Some people in a relationship are just more affectionate, more sexual, more encouraging, more whatever that the cheating partner claims is missing in their relationship with their current partner and offers up as explanation/reason for their cheating. I don't believe that we should put the onus on the spouse who is cheated on to change into something that they probably never have been and never could become. It may just not be in their nature or personality to be any of those things that the cheating partner wants from a partner now or ever.
I do believe that individuals in relationships also look elsewhere for companionship, because they have outgrown their partner. I have noticed this with couples who got married early in life (i.e. early twenties) and whose personalities, wants, needs and goals in life were quite similar when they started out as young adults but by the time they are in their late thirties and early forties realize that as a result of growing older and growing into their own person, no longer have anything in common with their partners, while they still may love them very much there is nothing there any more to connect to/with. No amount of marital counseling can bridge this kind of gap in my opinion.
While it is certainly important to address cheating behavior in a relationship with the cheater (if you are choosing to work it out), I don't think that by doing so will that it will turn a person who is a cheater into one that is not. Nor do I believe that the person who is being cheated can change/adjust their personality in order to suit the needs/wants of their cheating partner in the long term, or that by doing so that it will keep their relationship safe from future infidelity.
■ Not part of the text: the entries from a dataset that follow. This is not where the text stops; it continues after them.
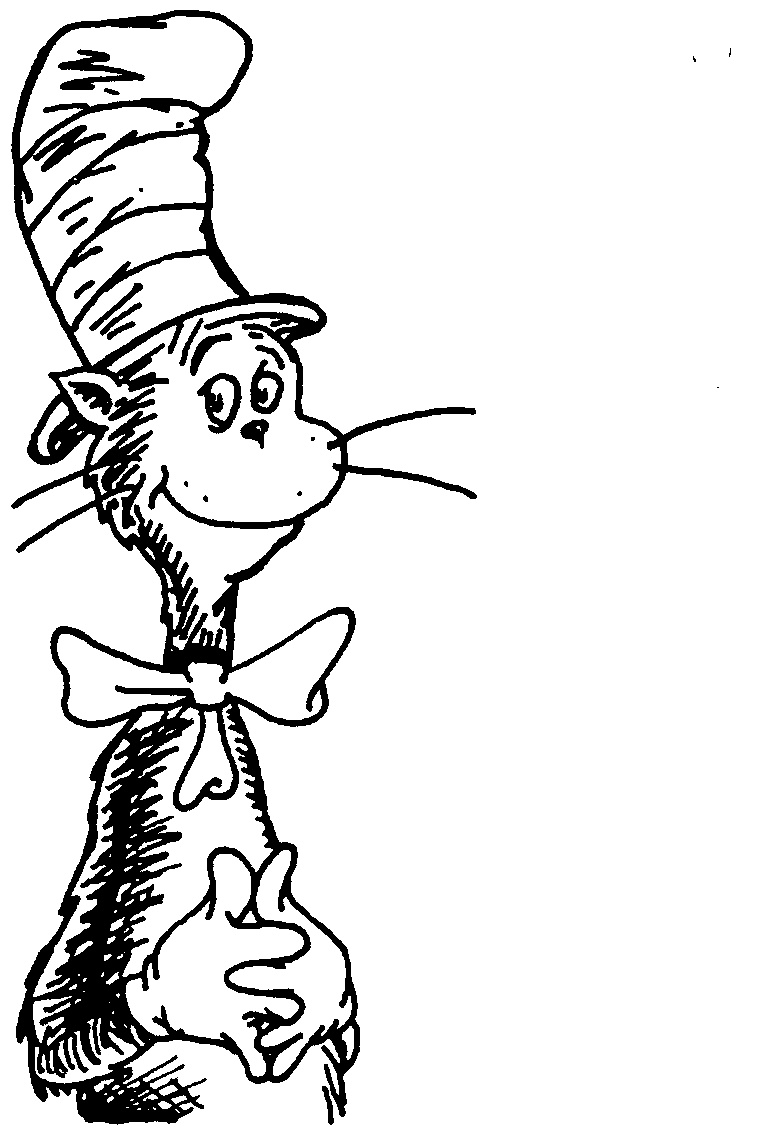 Dr Seuss Hat Clip Art 2014 Clipart Best   Download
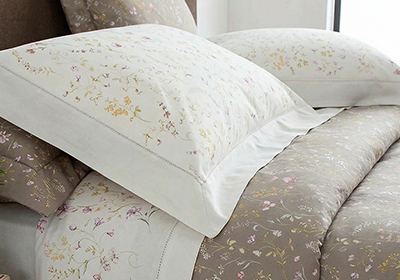 Jogo de Cama Buddemeyer Secret Garden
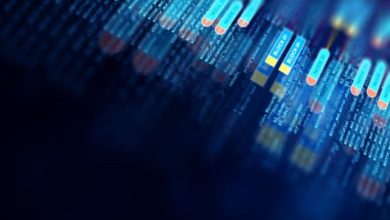 دیپ سی و دنیای بلاک چین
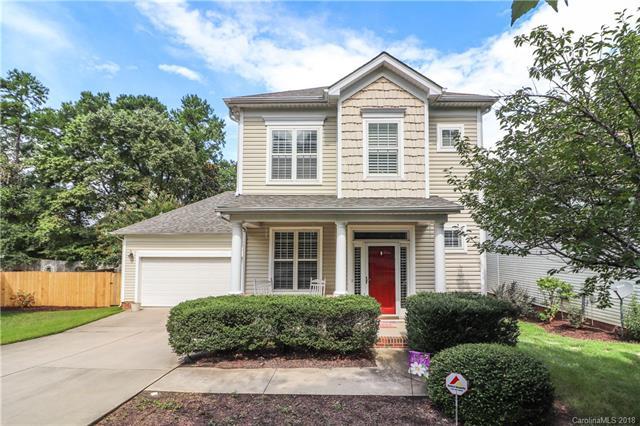 20412 Greenway Heights Drive - Photo 1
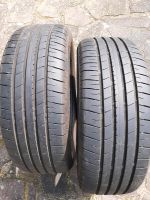 Bridgestone 215 55 18 Sommerreifen 2x neuwertig Schleswig-Holstein - Preetz Vorschau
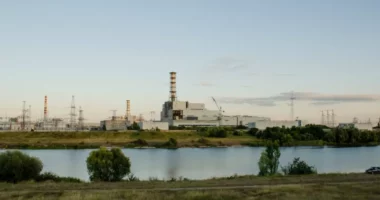 Rusi/ Centrali bërthamor në Kursk është pa energji elektrike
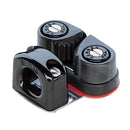 Harken Standard Carbo-Cam Base w/Bullseye [239] - Wholesaler Elite LLC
This might however work temporarily but ultimately this is just a facade.
While it is certainly important to address cheating behaviour in a relationship with the cheater (if you are choosing to work it out) I don't think that by doing so will that it will turn a person who is a cheater into one that is not. Nor do I believe that the person who is being cheated can change/adjust their personality to suit the needs/wants of their cheating partner in the long term. This might however work temporarily but ultimately this is just a facade.
Some people in a relationship are just more affectionate, more sexual, more encouraging, more whatever that the cheating partner as the explanation/reason for their cheating.
for why their needs are going unfullfilled and why they cheat
Sure, there are lots of instances where responsibility can be borne by both parties. Neglect by one partner can instigate the acting out of the other, but where are the references to narcissistic personality disorder which can play a huge role among the highly successful, or to those compulsive, novelty seeking people with AD/HD, or to the desperate neediness of those suffering from depression, or to spouses surging with bigger than life bi-polar swings? Yes, those that are cheated on should take a deeply personal inventory of their own actions to evaluate if they unintentionally precipitated the cheating, however, many, many times, the one cheated on is very much a victim and should not be marginalized.
To change your circumstances, you have to first own your part in them - and this does not just apply to cheating...
I have a question for all of those who left comments indicating that you are the 'victim' and that it's not your fault at all - Have you actually tried the suggestions in this article or are you just 'poo-poo-ing' them because they force you to own your circumstance? Or are you more comfortable in the role of victim?
(BTW - thanks for pointing out the minor grammar error)
I have never cheated, and as far I know, I have never been cheated on either. However betrayal comes in many forms. It is absolutely devestating and telling the victim to take responsibility for it, sounds a lot like telling a rape victim that she really should have been wearing a longer skirt.
This is childish thinking, and really, is dangerous and disingenuous advice. That is not how life works.
It's an endless blame the injured person stance, which isn't healthy.
It's an insult to men who can and do remain faithful, regardless of temptation.
women cheat for the same reasons men do.